Толстой Л. Н. -- Избранные дневники 1895-1910 годы

- 63 -

← Предыдущая страница | Следующая страница → | К оглавлению ⇑

27 июля. Спал мало, но встал без боли. Ходил гулять, молился и умилялся до слез от внутренней радости и благодарности. И теперь есть отзвуки этого чудного чувства. Вернулся. Написал письмо Мечникову* и французское Стыку. Немного поправил шведское*. […]

29 июля. Вчера не писал. Третьего дня вечером много народа: Сергей, Раевский, Гольденвейзер. Неприятный спор с Сергеем. Разумеется, кругом виноват я. Говорил ему неприятности. Вчера почти не спал. Ночью написал в дневник представление о людях и их жизни. Делать ничего не делал. Началось опять мучительное возбуждение Софьи Андреевны. Мне и тяжело и жалко ее: и слава богу, удалось успокоить. Приехала Машенька, очень приятно. Нынче ничего не делал. Шведскую речь начал, но не пошло. Есть что записать, но некогда. Иду завтракать.

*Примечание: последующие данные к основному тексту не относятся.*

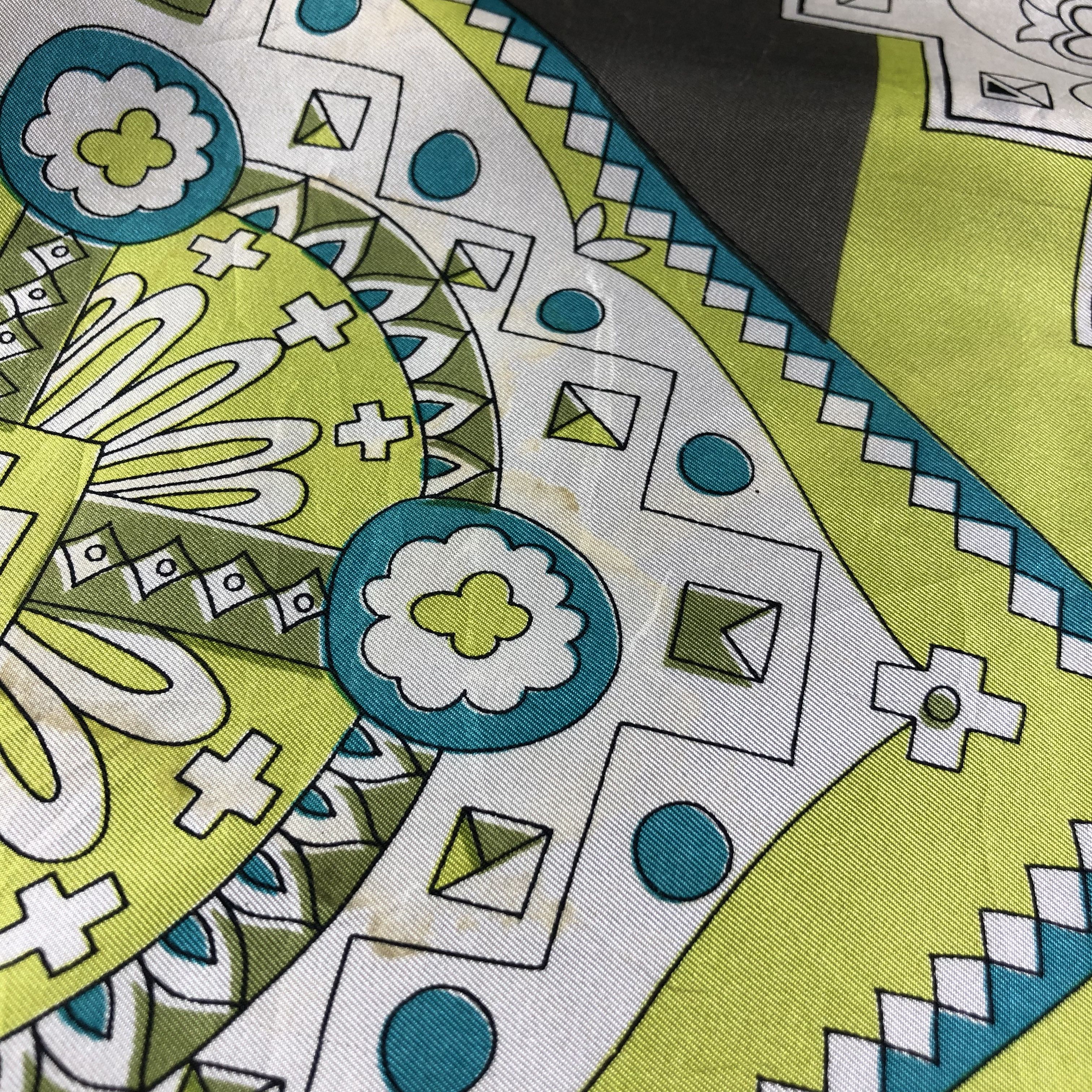 Vintage Vintage Native Design Hand Rolled Silk Scarf M638 Size ONE SIZE - 9 Thumbnail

30 июля. Вчера ездил верхом в Колпну и к Чертковым. Был в дурном духе — сердился даже на лошадь. Вечером Гольденвейзер. Разговор с Софьей Андреевной. Как будто лучше. Записать о музыке.

В новой, господской музыке вошло в употребление украшение, состоящее в том, чтобы, перебив ритмическое выражение мелодии, делать антимелодические и антиритмические отступления, самые чуждые мелодии, и потом, чтобы rehausser[77] прелесть мелодии, из этих отступлений возвратиться к мелодии. Со временем же стали в этих отступлениях полагать смысл музыки.

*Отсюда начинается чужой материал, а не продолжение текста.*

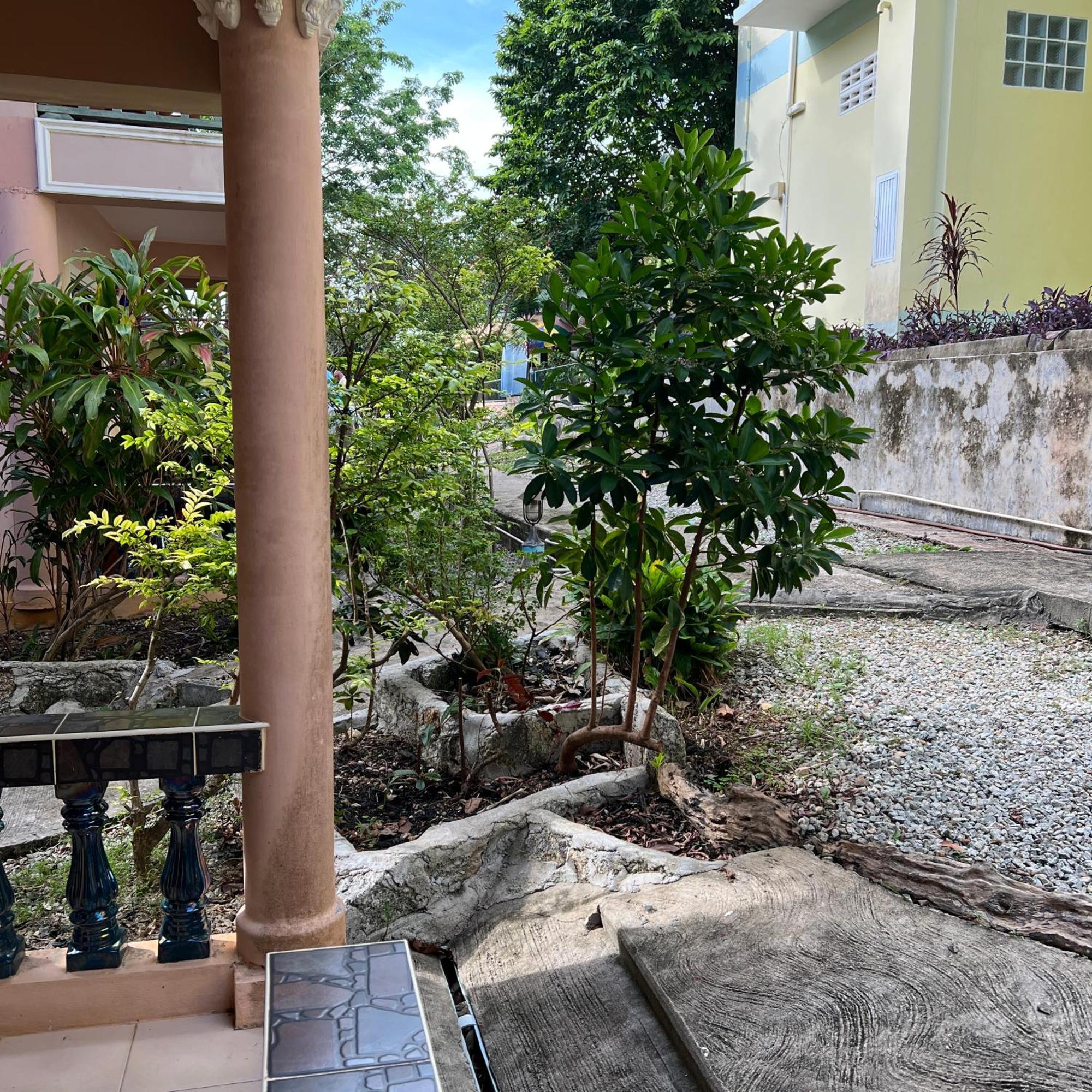 Kata Villa Merit Hill Bungalows Karon Luaran gambar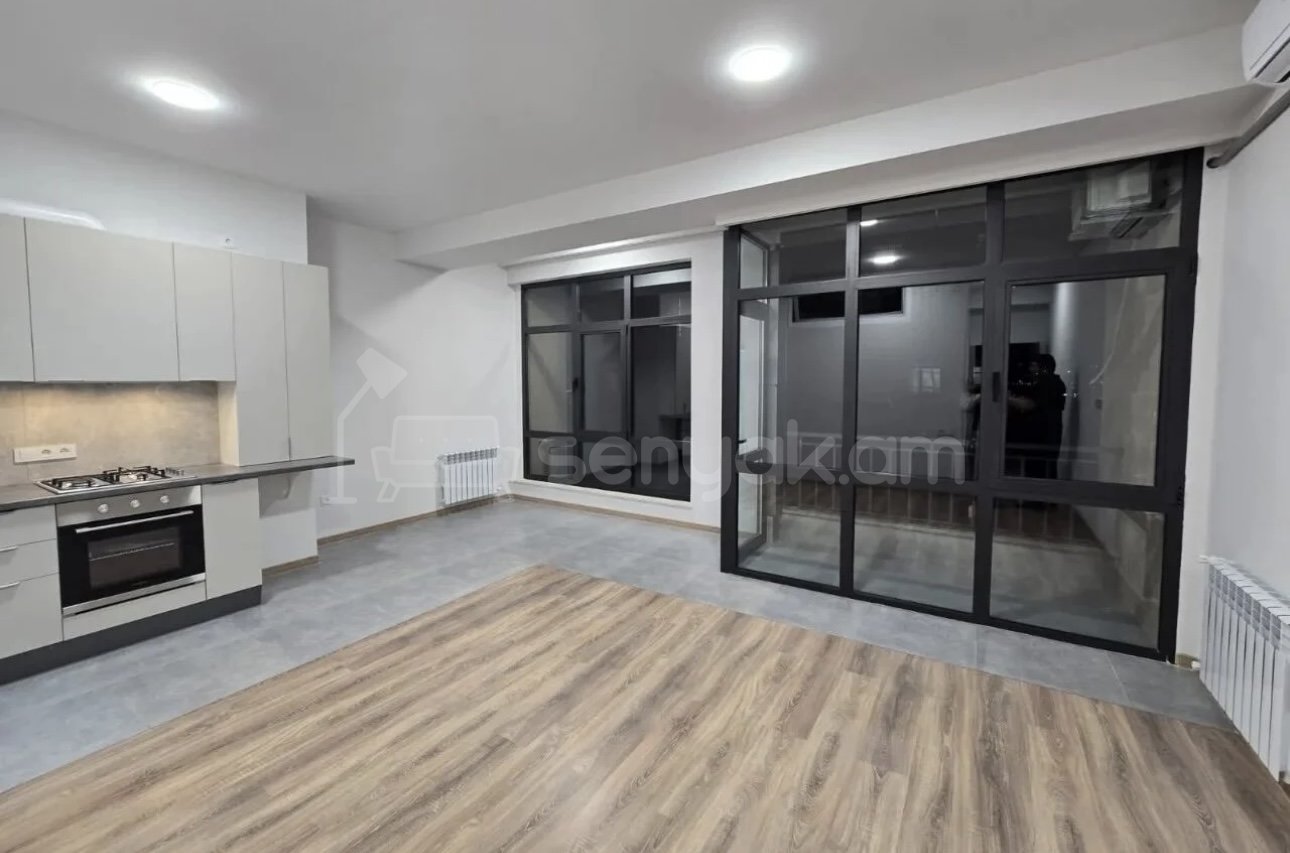 2 Սենյականոց Բնակարան, 45քմ, 13/16 հարկ, Կապիտալ Վերանորոգված, Կահավորված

Нынче очень хорошо спал, приехал корреспондент Спиро. Я дал ему сведения и закончил статью на конгресс. Гусев удивительно хорошо изложил «О науке». Прочел Бутурлину из дневника. Разговор с Софьей Андреевной, как всегда, невозможный. Теперь 2 часа, поеду верхом.

1 августа. Ездил третьего дня в Колпну. Ошибся. Кажется, никуда не ездил. Вечером Бутурлин и Гольденвейзер. Вчера переводил «Конгресс» и ездил верхом с Сашей. Вечером прочел вслух речь конгрессу — нехорошо. Нынче поправил. Лучше. Очень тяжело. Должно быть, даже наверное, сам виноват. Нынче лучше. Все не раздумал план*. […] Записать:

[…] 2) Как ни странно это кажется, самые твердые, непоколебимые убеждения, это самые поверхностные. Глубокие убеждения всегда подвижны.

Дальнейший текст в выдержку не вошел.